Although CPAs and CFAs may seem similar at first, they differ in the duties that each job requires. CFAs are concerned primarily with investments, whereas CPAs are responsible for all the financial aspects of a company, from keeping financial records to preparing and paying taxes. CPAs and CFAs also differ in terms of the skills and education required, work schedules, and job outlook.

Skills and Education

Both professions require at least a bachelor’s degree in accounting or a related field, and a master’s degree in finance is usually required for CFAs. In order for CPAs to become certified, they must complete 150 semester hours of coursework (in most states) and pass a national exam. They are also required to continue their education to maintain their license. For CFAs, most licenses require sponsorship by an employer, so financial analysts do not have to be licensed at the time of employment. The main organization that licenses financial analysts is the Financial Industry Regulatory Authority (FINRA). Although having a license is not required at the time of employment, it is strongly recommended and sometimes required by more advanced positions.
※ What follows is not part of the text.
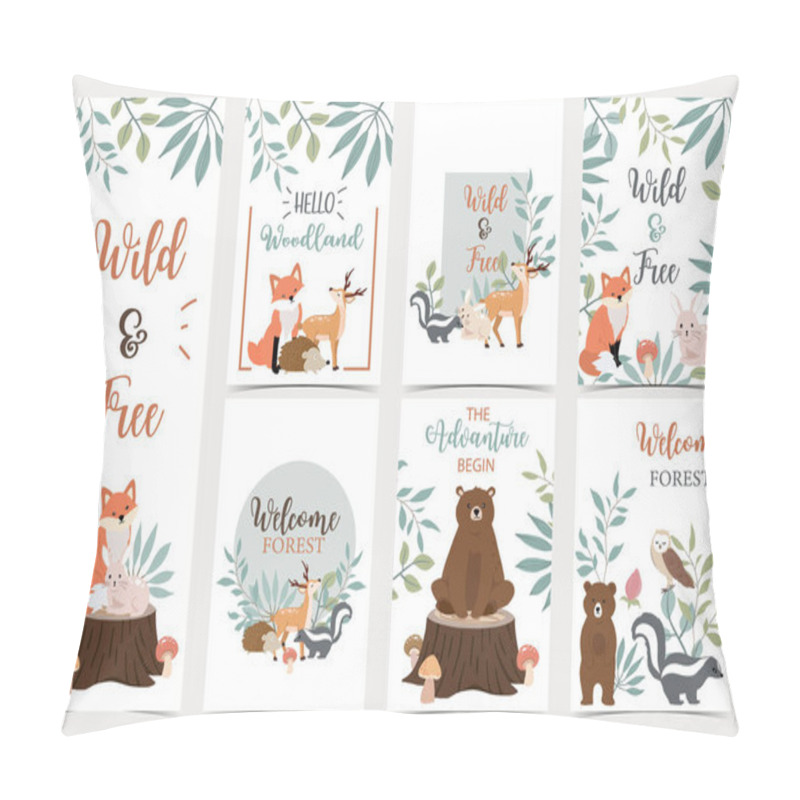 Personality  Collection Of Woodland Background Set With Bear,deer,skunk,fox.E Pillow Covers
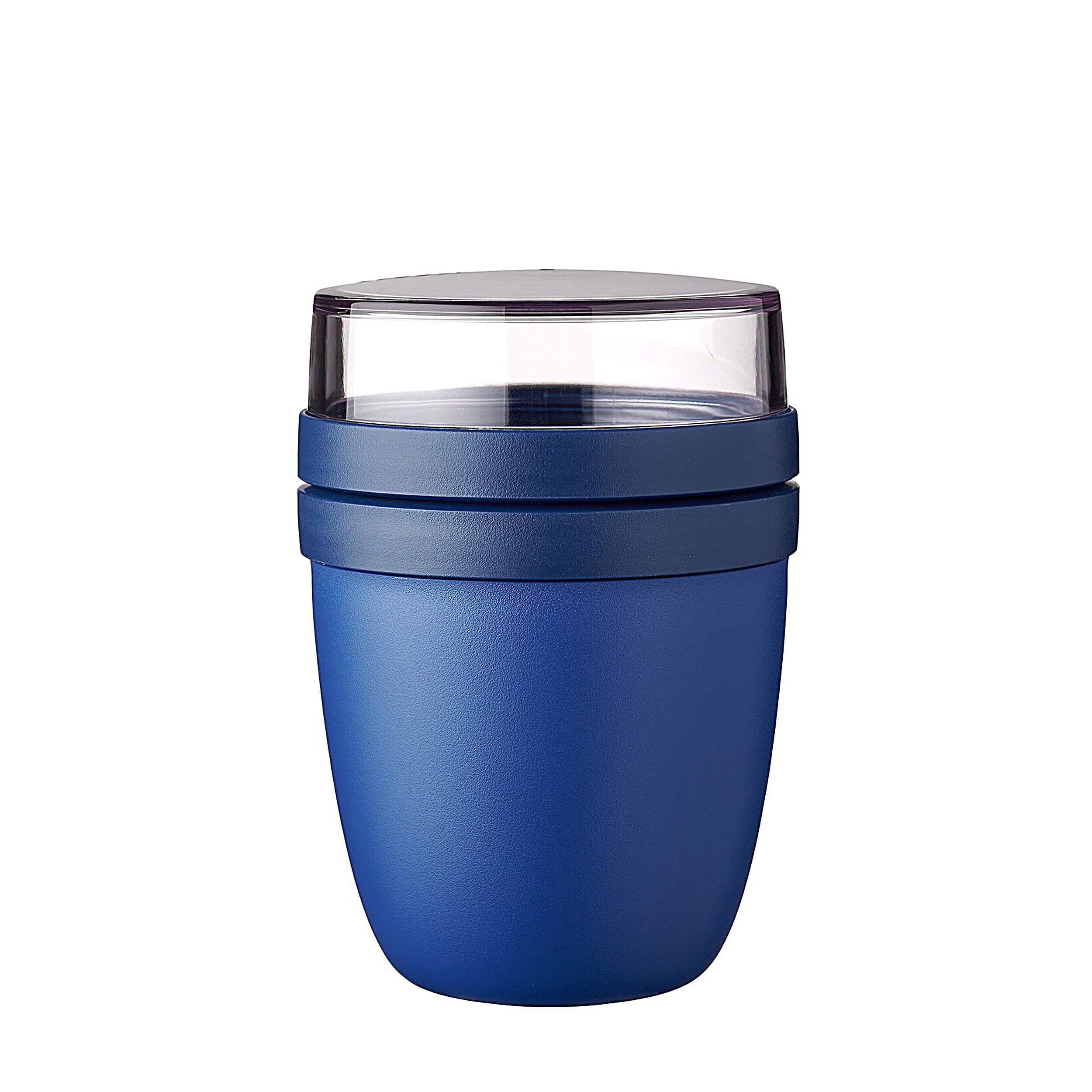 MepalLunchpot Ellipse – Practical Yoghurt Cup & Muesli Cup – Separate Compartments for Yoghurt & Muesli - Suitable for Freezer, Microwave & Dishwasher – 500 ml + 200 ml – Vivid Blue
Both CPAs and CFAs must be detail-oriented and have strong skills in analysis, communication and math. CPAs must also be very organized, as they may be required to work on several different projects simultaneously. For CFAs, technical skills and decision-making skills are necessary. Also, most CFA employers prefer knowledge of options pricing, bond valuation, and risk management.

Work Schedule

CPAs and CFAs have both been known to work overtime, but CFAs do so far more often. In fact, the Bureau of Labor Statistics stated in 2010 that about one third of CFAs worked 50-70 hours every week. CPAs are only required to work overtime during certain seasons, such as tax season or the end of the budget year. Both professions work primarily in offices, but some CPAs have the opportunity to work from home. While most CFAs are usually not able to work from home, they frequently travel to meet potential investors.

Job Outlook

CFAs have the distinct advantage over CPAs when it comes to salary and job outlook. In 2010, the average salary for CPAs was $61,690. For the same year, CFAs earned an average of $74,350 per year. According to the Bureau of Labor Statistics, employment for CFAs is expected to grow 23% between 2010 and 2020, which is faster than the average. CPA job outlook, on the other hand, is projected to be about 16% for the same time frame.

Overall, a certified public accountant and a certified financial analyst have very different duties, but each profession requires many of the same skills. Becoming a certified financial analyst is a more involved process than becoming a certified public accountant, but the higher salary and more optimistic job outlook may make it the preferable choice.